Borealis Twenty - Adroit Anomalies


     The long, metal hallway was purple and cold. Aurora didn't like it. It was too small and cramped. Where was the sky? Why was it so dark?
     Ember walked along in front, quiet and cautious. "You okay?" she said, looking back, a faint echo following her words.
     "I'm fine," Aurora lied. Her new clothes were too tight.
     "Loosen up, will ya?" Ember said with a slight smirk. "The goal is not to stick out." She thought for a moment. "Not that that's really achievable given that there are no records of you ever living here. Your name isn't on file. Your face--"
     "I thought you said you watched us somehow, even though you're in here. Doesn't that mean other people watch us too, people that know my face?" Aurora said as she tugged at her white shirt and pants with some futility, hoping that they would suddenly free up and stop clinging to her so snugly.
     "Yeah... I guess." Ember turned back around. "I just mean that you're not supposed to be in here, which is sort of 'duh,' right? People can't hide stuff like that with new clothes and a hair brush."
     That was of little comfort to Aurora. "Then what do we do?"
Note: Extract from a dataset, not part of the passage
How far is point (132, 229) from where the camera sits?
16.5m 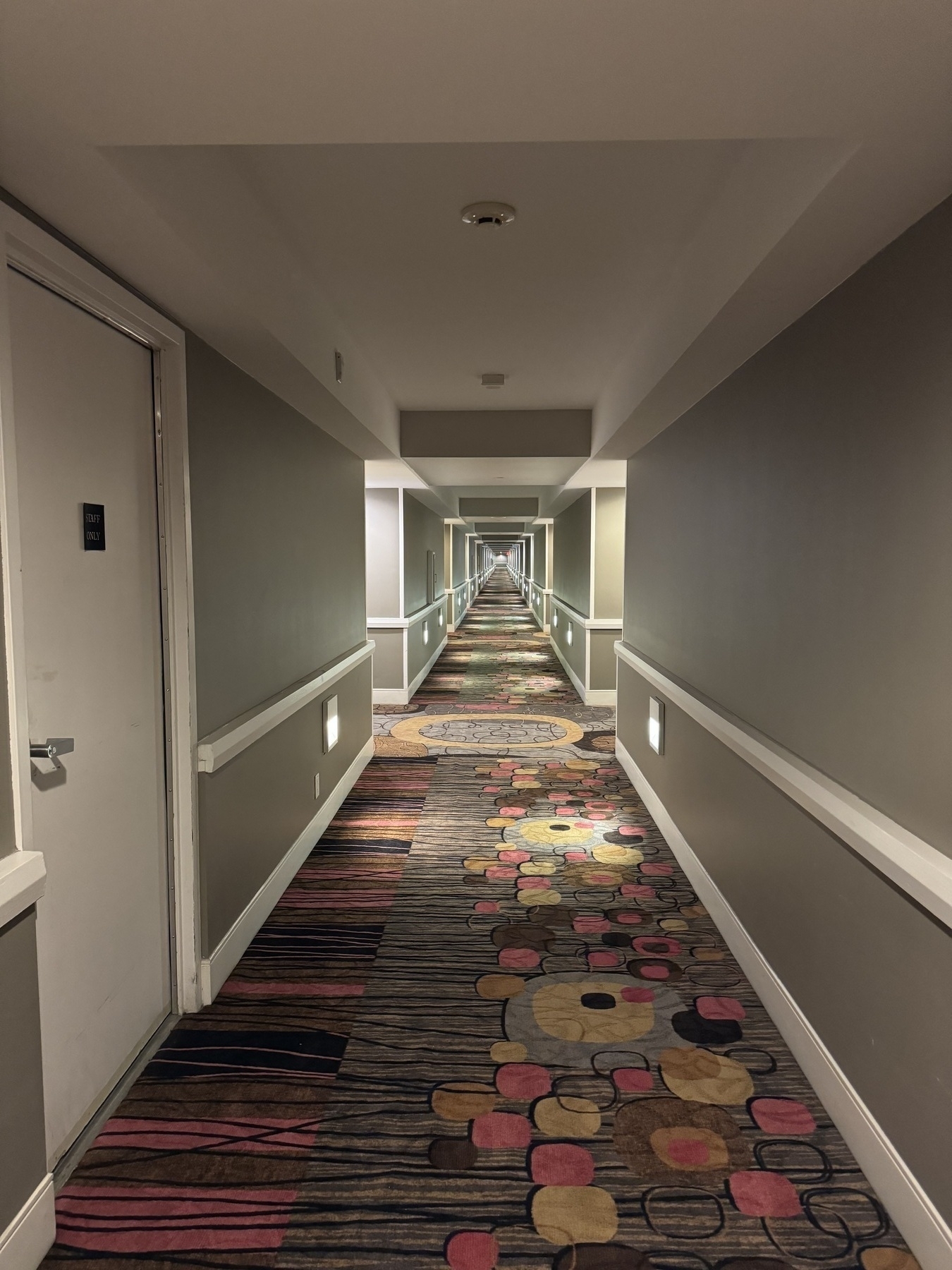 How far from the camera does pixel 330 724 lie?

     Ember was silent. "Um," she started. "I never really thought that far ahead. I just wanted to meet you." Ember sighed. "And, it didn't help that Garnet practically forced us through that false wall. What was he thinking anyway?" She threw her hands in the air. "Oh no! A little boy's coming to get us! Oooo!"
     The girls walked on for a few minutes, mostly listening to each other breath. Their footsteps were largely muted by their rubber soled shoes. Aurora wasn't used to shoes either. She very well might have been better off as a new born, pigeon toed duckling. Her movement and posture was almost as awkward, and she wouldn't have looked so much like someone from the desert had she actually been a duckling. Aurora frowned.
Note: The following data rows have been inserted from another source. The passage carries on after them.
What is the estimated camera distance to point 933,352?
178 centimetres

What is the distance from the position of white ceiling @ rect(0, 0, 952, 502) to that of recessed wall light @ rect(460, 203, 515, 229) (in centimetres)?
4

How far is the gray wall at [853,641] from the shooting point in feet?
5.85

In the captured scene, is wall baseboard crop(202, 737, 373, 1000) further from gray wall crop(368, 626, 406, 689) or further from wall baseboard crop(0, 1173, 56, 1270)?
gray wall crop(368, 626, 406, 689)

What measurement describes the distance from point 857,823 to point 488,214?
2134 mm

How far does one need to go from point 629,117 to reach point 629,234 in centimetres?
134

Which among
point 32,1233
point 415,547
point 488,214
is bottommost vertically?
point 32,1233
     At the end of the hall was the only light the girls could see, and it was the one responsible for all the purple in the hallway. The closer the girls got, the more white the bulb and its light seemed to become. Next to the light, on the right, was a rusted metal door. Aurora didn't like the look of it. Perhaps it led to an even smaller and darker place. She shivered. The thought of it was absolutely dreadful to her.
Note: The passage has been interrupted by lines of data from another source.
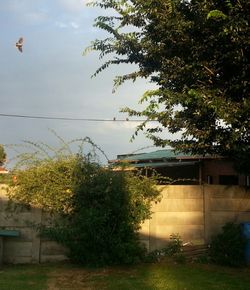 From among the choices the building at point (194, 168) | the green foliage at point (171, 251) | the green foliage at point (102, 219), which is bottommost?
the green foliage at point (171, 251)

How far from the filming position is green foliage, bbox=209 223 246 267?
11438mm

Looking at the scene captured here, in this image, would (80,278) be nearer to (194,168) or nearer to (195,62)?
(195,62)

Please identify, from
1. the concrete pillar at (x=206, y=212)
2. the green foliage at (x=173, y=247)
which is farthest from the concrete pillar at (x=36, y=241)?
the concrete pillar at (x=206, y=212)

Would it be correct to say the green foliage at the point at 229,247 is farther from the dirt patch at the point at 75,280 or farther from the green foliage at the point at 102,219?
the dirt patch at the point at 75,280

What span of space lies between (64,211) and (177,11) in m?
5.19

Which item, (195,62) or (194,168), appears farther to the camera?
(194,168)

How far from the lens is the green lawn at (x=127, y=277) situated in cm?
915

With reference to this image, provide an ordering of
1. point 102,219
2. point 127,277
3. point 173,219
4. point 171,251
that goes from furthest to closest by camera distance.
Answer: point 173,219 → point 171,251 → point 102,219 → point 127,277

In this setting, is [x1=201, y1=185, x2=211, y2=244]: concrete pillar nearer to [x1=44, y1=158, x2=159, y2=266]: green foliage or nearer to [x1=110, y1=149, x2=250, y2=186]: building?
[x1=44, y1=158, x2=159, y2=266]: green foliage

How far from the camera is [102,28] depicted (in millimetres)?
11508

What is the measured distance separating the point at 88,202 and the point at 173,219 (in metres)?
2.38

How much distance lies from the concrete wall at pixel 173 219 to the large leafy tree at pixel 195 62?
120cm

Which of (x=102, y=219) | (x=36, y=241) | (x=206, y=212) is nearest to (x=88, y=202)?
(x=102, y=219)

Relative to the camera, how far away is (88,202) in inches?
452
     Ember, unaware of her friend's fear, started talking again. "Really," she said. "I thought you would have been left shivering on the floor by now."
     "Because it's cold?"
     "No. You have to be claustrophobic on some level, I'd imagine."
     She was. She didn't know the word, however, but she was. Had it not been in her nature to mask any weakness, even around those she trusted, she probably would have just collapsed into shivers upon entering the hallway. She was beginning to have some difficulty breathing as it was... Despite the look of the door and her concerns about it where it might lead, she just wanted something to open up this hallway and give her some more space.
     At the door, the girls stopped and looked at one another. Aurora gave Ember a sheepish smile, but Ember didn't see it in Aurora's silhouette. The silly Roof Rat was standing right in front of the now purplish white light. Ember, rolling her eyes and showing yet another halfway amused smirk, put her hands on the door's wheel handle and turned. It opened with little fuss or force and with almost no squinging or screeching to accompany it.
     "Huh. Wasn't expecting that, " Ember said drollfully.
     They both walked through the door, Ember first and Aurora second. The door closed lightly behind them.
     "Huh. Wasn't expecting that either."
     Before them stretched another hallway, this time well lit, nearly too well lit for the poor outside girl who had never seen artificial light before. The hall was wide, littered with closed doors and intersections, and the end of the hallway wasn't even visible. This was a new source of stress for Aurora.
     She looked over to her friend who had by now gone forward a few steps. "What do we do now?"
     Ember shook her head. "I don't believe it. I can't believe we're just right here."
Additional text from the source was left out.